== Given information ==
[Start of section]

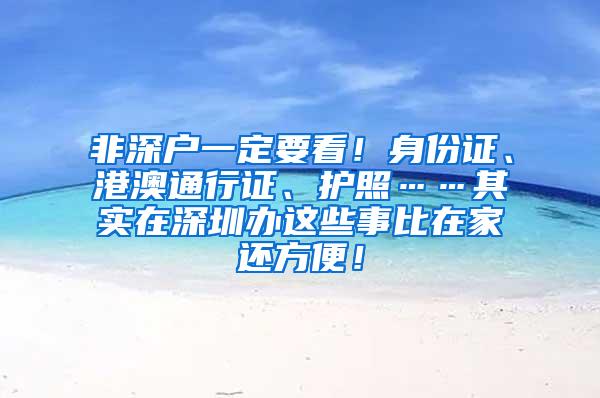 非深户一定要看！身份证、港澳通行证、护照……其实在深圳办这些事比在家还方便！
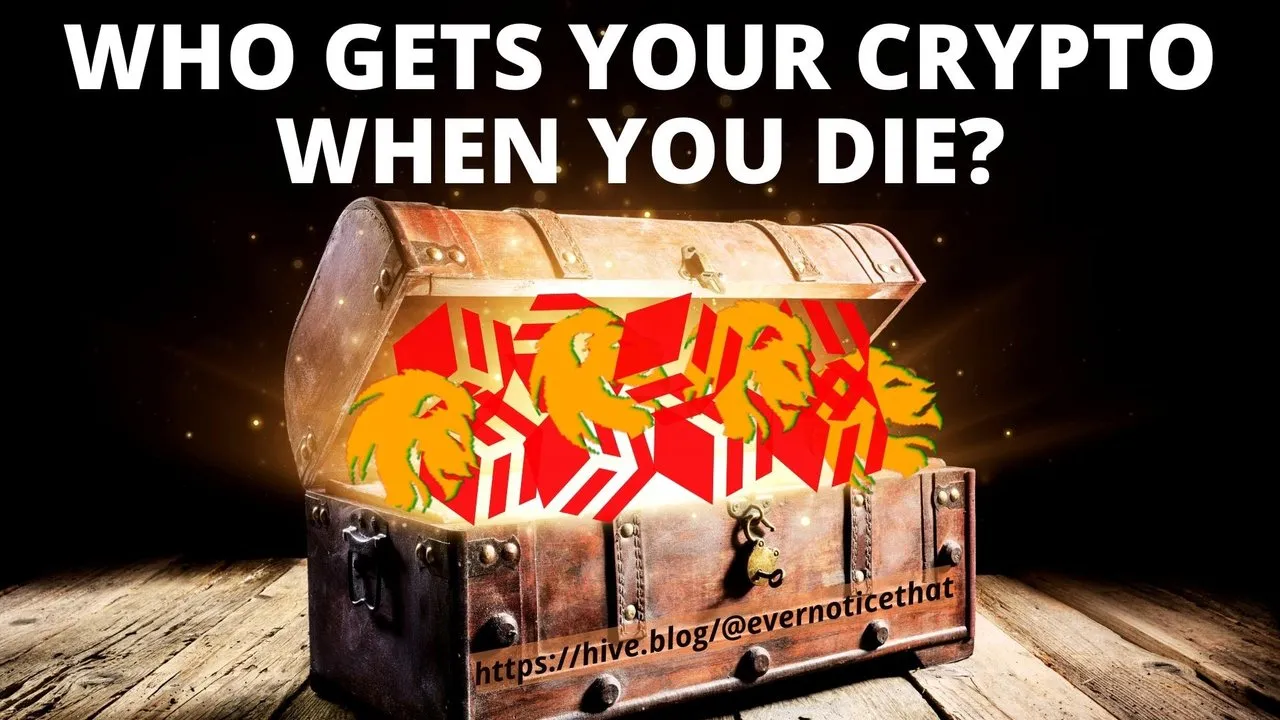 whogetsyourcryptowhenyoudiehiveleofinancecryptocurrenywills EverNoticeThat.jpg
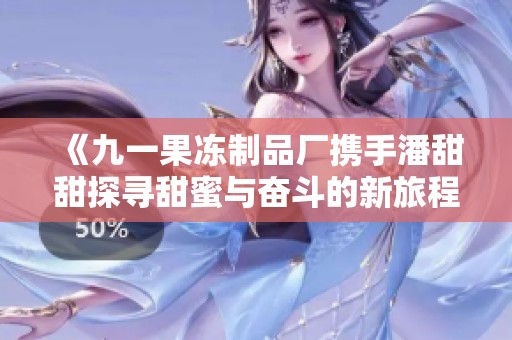 《九一果冻制品厂携手潘甜甜探寻甜蜜与奋斗的新旅程》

[End of section]

If pictures appear in the data, omit them and copy all other parts exactly.

 非深户一定要看！身份证、港澳通行证、护照……其实在深圳办这些事比在家还方便！
 whogetsyourcryptowhenyoudiehiveleofinancecryptocurrenywills EverNoticeThat.jpg
 《九一果冻制品厂携手潘甜甜探寻甜蜜与奋斗的新旅程》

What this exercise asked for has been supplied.